Каким образом оказались в Аргентине?

— Мы про Аргентину думали давно и долго. Мы знали, что она существует, что это удивительная, классная страна, и мы сюда хотели. Но мы думали, что сначала сюда съездим просто так, узнаем, что это за место. И когда настало время ехать, мы подумали: «Ну, может быть, не сразу». Хотя после появился вопрос: «А почему? Почему мы не поехали сразу?» Нипочему. Потому что страшно так резко это делать. Аргентина оказалась и по-прежнему кажется очень-очень далекой. Когда ты сюда уезжаешь, ты сразу понимаешь, что очень сильно уехал. Ты в том месте, где летом зима, где ночью день, где ходят вверх ногами. И ещё, когда мы сюда приехали из Непала, мы поняли, что, неожиданно, для нас здесь Европа. То, что мы любим в Европе, здесь есть. Здесь классно, здесь очень хорошо.

Уезжая из России, вы уезжали от коллективной ответственности?
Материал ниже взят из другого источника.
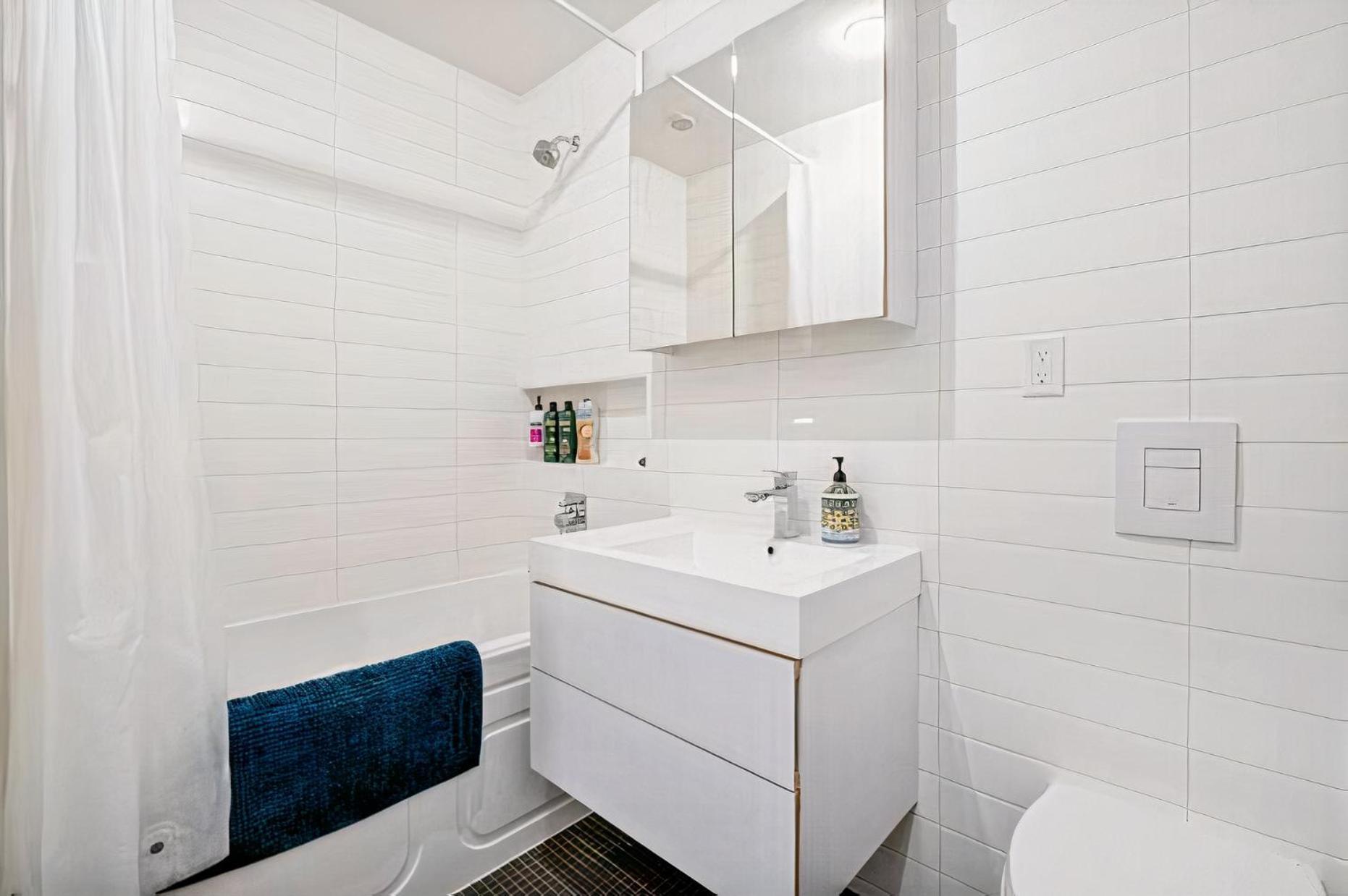 Modern, Bright & 1-bed Downtown Close To Rogers Arena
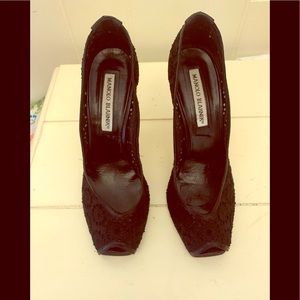 Manolo Blahnik Lace Peep Toe Pumps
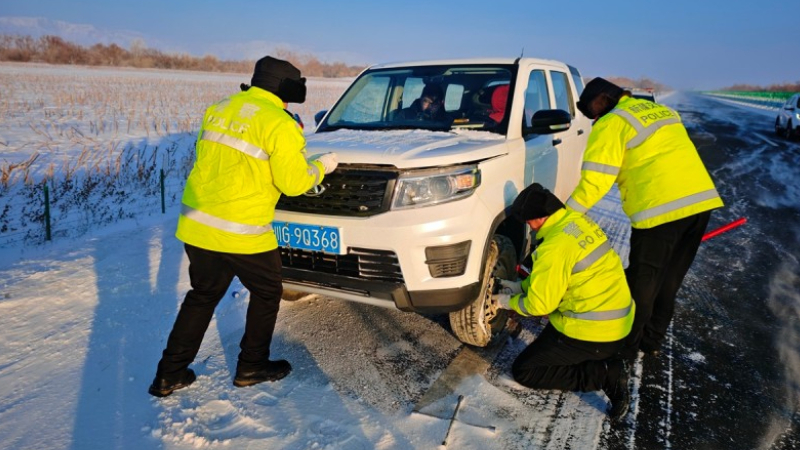 极寒砺初心 警暖雪都情——新疆阿勒泰公安顶风冒雪守护群众平安纪实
— Конечно нет. Как от этого уедешь? Я недавно разговаривал с очень хорошей знакомой из Германии, которая живет там уже 26 лет. Она рассказала очень интересную историю: она родила в Германии сына, который, естественно, чувствовал себя с детства немцем. И когда он учился в школе, в какой-то момент он пришел и сказал: «Мам, как жить с этой коллективной ответственностью, которую мы, немцы, несем за все ужасы, которые творили мы, немцы, во время Второй мировой войны». Она говорит: «Стой-стой-стой, твой дедушка погиб на войне, он воевал за Советский Союз. Ты не имеешь отношения к этой коллективной ответственности». Но он не мог это принять и понять, потому что ему уже так рассказали в школе, и он так понял. Сейчас он уже взрослый, ему 18 лет, и он несет такое же чувство вины и коллективной ответственности за русско-украинскую экспансию, за то, что он генетический представитель того самого народа, который напал на Украину и сейчас творит эти ужасы. Он опять чувствует свою вину, при том, что родился в Германии, никогда не жил в России и никак не отвечает за то, что происходит. Мне интересно, как с ним это происходит. Мы, безусловно, несем ответственность. Я знаю, что лично я сделал все, что мог. Я не вижу, в каком месте я мог бы сделать больше. Все что, что я делал — не помогло. Сейчас я очень сильно и глобально разочаровался в пользе тех действий, которые предпринимал, в идее мирного протеста, который очень долго проповедовал. Я старался, я ходил, я наблюдал на выборах, и все это ерунда ­- это не помогло.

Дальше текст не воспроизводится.